Chávez, como pretendeu demonstrar na cimeira latino-americana, leva muito a sério as implicações da ideologia dos interesses que se acoitam por detrás das palavras de Aznar “esses se joderon!”. Olhando para os modelos neo-liberais e suas experiências práticas, não podemos deixar de detectar uma mesma soberba perante todos os outros desde que os interesses estejam protegidos. Por isso, os outros que se “jodan!” se forem um empecilho para a lógica dos interesses. E nem precisam de ser resistência declarada; desde que não contribuam para a sua acumulação desenfreada, que se “jodan!”. Portanto, é um darwinismo disfarçado de democracia que nos tem sido vendido.
Contudo, mais uma vez se fala mais do que Chávez é, do que aquilo que constitui a experiência chavista. Por isso, sem mais delongas, deixo aqui um pequeno excerto de um texto que descreve o que tem acontecido na Venezuela para além de Chávez e das lutas da comunicação social.
Chávez is showing something of the same anxiety. His government wisely budgets on an oil price of $29 a barrel. And although it continues optimistically to assume an annual production half as large again as Petróleos can presently manage (the infrastructure groans from lack of earlier investment), it still has sums at its command, not least from reserves in the central bank, that few revolutionary regimes anywhere, of any stripe, have been able even to imagine. It has been spending its revenue generously. Adult literacy is complete, there are new schools across the country, and excellent free medical facilities, staffed in many cases by doctors from Cuba sent as payment in kind for oil; basic foods, with some reluctance from suppliers, are sold at subsidised prices; poor housewives are paid for keeping house and people owed pensions are again receiving them.
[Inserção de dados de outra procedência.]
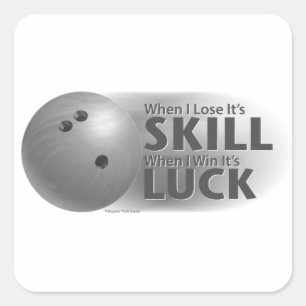 Lose Skill Win Luck Bowling Gray Quadratischer Aufkleber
Getting around the country is also becoming much easier: railways are being built, urban transport is improving, and one meets roadworks in the remotest places. Most important, the government is trying to increase productive employment. With help from Petróleos, it has spent nearly $900 million on 130 ‘nuclei of endogenous development’ in manufacturing, agriculture and tourism, and a further $400 million to encourage more than six thousand co-operatives. It is also attempting to redistribute uncultivated land. To encourage these initiatives, it has announced the creation of 12,000 local communal councils. Some corporations are also being nationalised. The only price of this so far is an overvalued currency, which makes imports cheap and exports, apart from oil, too expensive.
O texto, lido na íntegra, está longe de ser encomiástico. Mas para isso temos, e num plano diferente, o seguinte texto de Zizek.
Penso que uma discussão consequente sobre a Venezuela actual deve estar algures entre os dois textos.